WORK REQUIRED
Word for word, restate the records from their first line through the line with "寿裕 （YOSHIHIRO） 釣果", both ends included; omit each picture.

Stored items
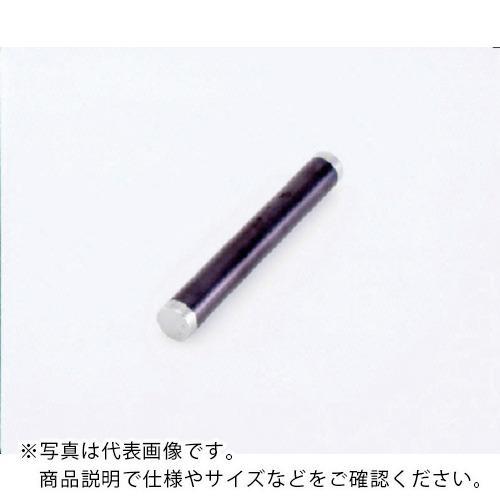 カネテック 耐摩耗サニタリーマグネット棒 長さ393mm ( PCMB-J40A )  ( TBG4...
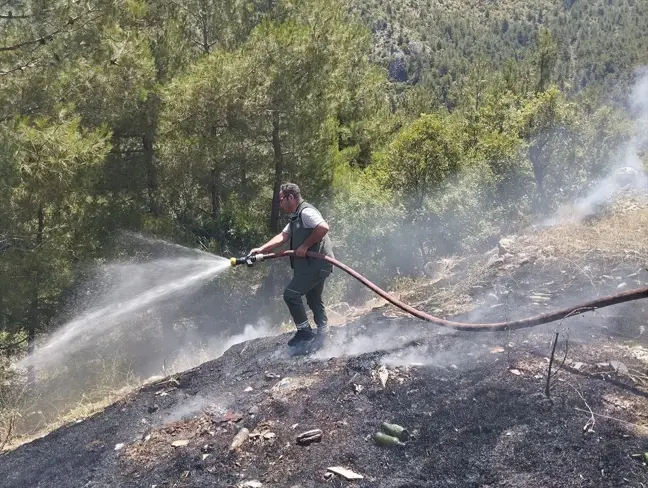 Adana'da çalılık yangını kontrol altına alındı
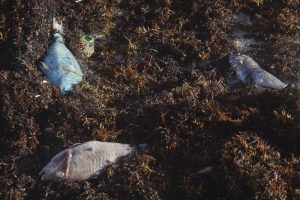 Scientists: Red tide is back in Florida’s southwest coast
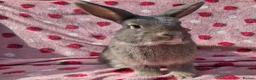 Mixed Breed rabbits for sale: 4 very tame Blue fawn plush mini lop rabbit - Advert 34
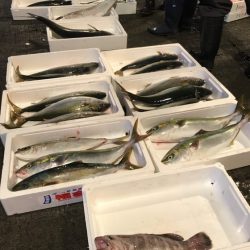 寿裕 （YOSHIHIRO） 釣果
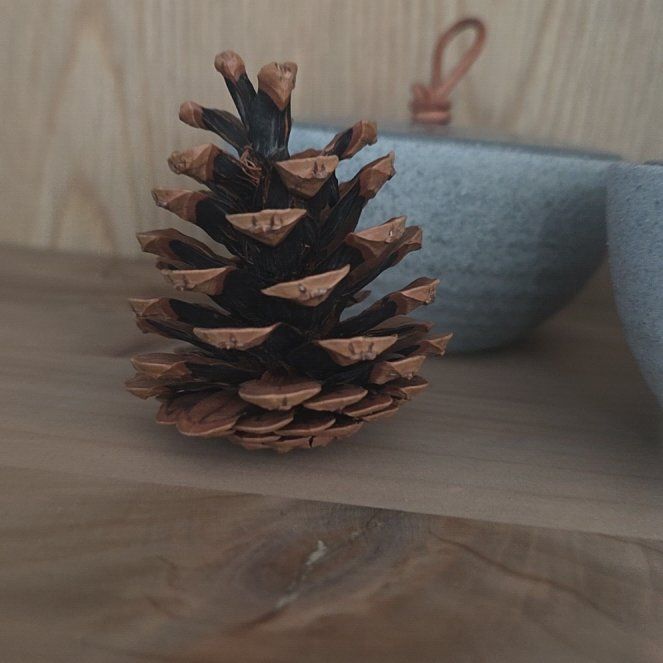 Photo of the plant species Loblolly Pine by @LucentJiaogulan named Oscar on Greg, the plant care app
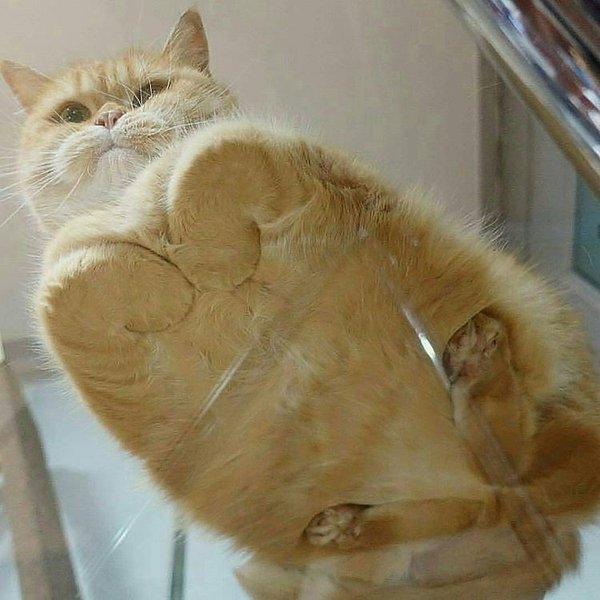 Thumbnail of bxbkhred-j-0ef89da8387045b9 0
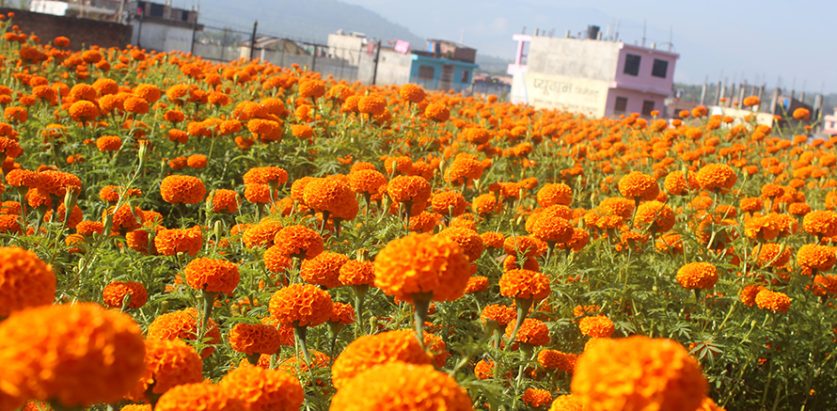 तिहार नजिकिएसँगै सयपत्री फूल टिप्ने चटारो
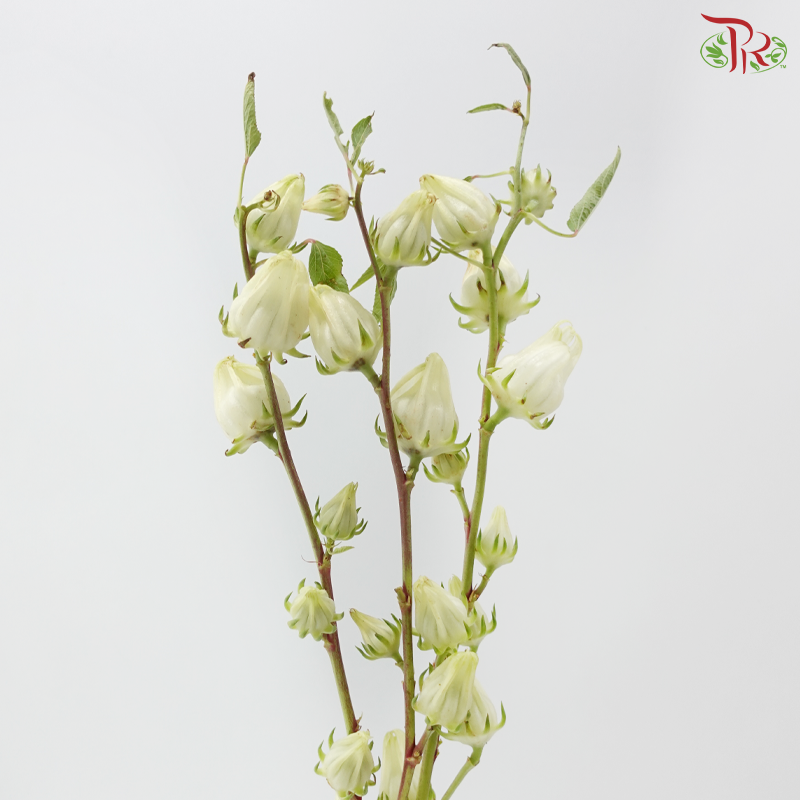 Hibiscus Sabdariffa (3 Stems)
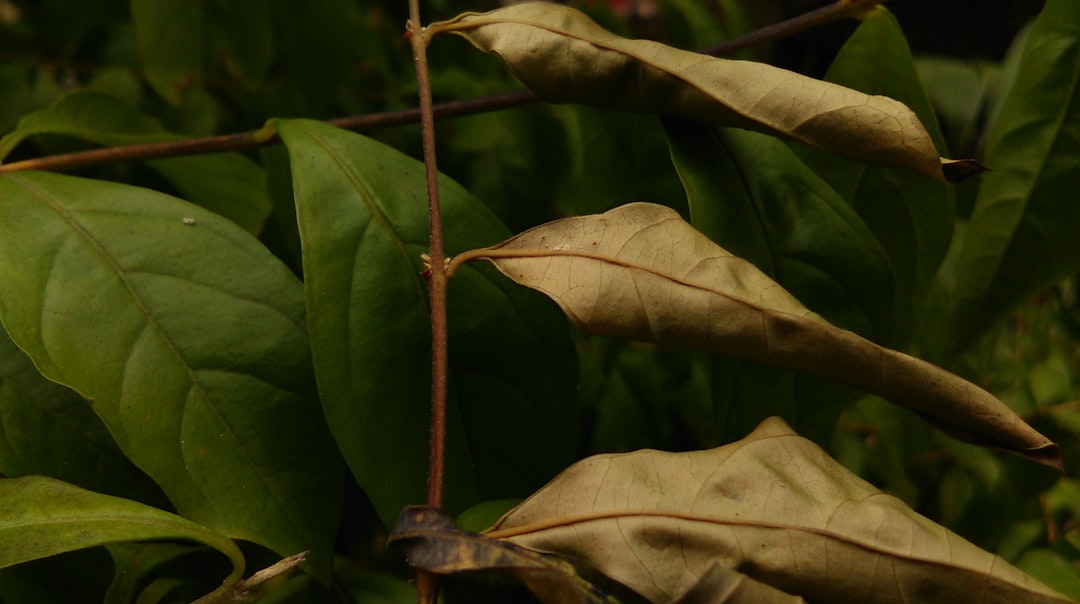 The Coffee Bean & Tea Leaf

COMPLETED EXERCISE
 カネテック 耐摩耗サニタリーマグネット棒 長さ393mm ( PCMB-J40A )  ( TBG4...
 Adana'da çalılık yangını kontrol altına alındı
 Scientists: Red tide is back in Florida’s southwest coast
 Mixed Breed rabbits for sale: 4 very tame Blue fawn plush mini lop rabbit - Advert 34
 寿裕 （YOSHIHIRO） 釣果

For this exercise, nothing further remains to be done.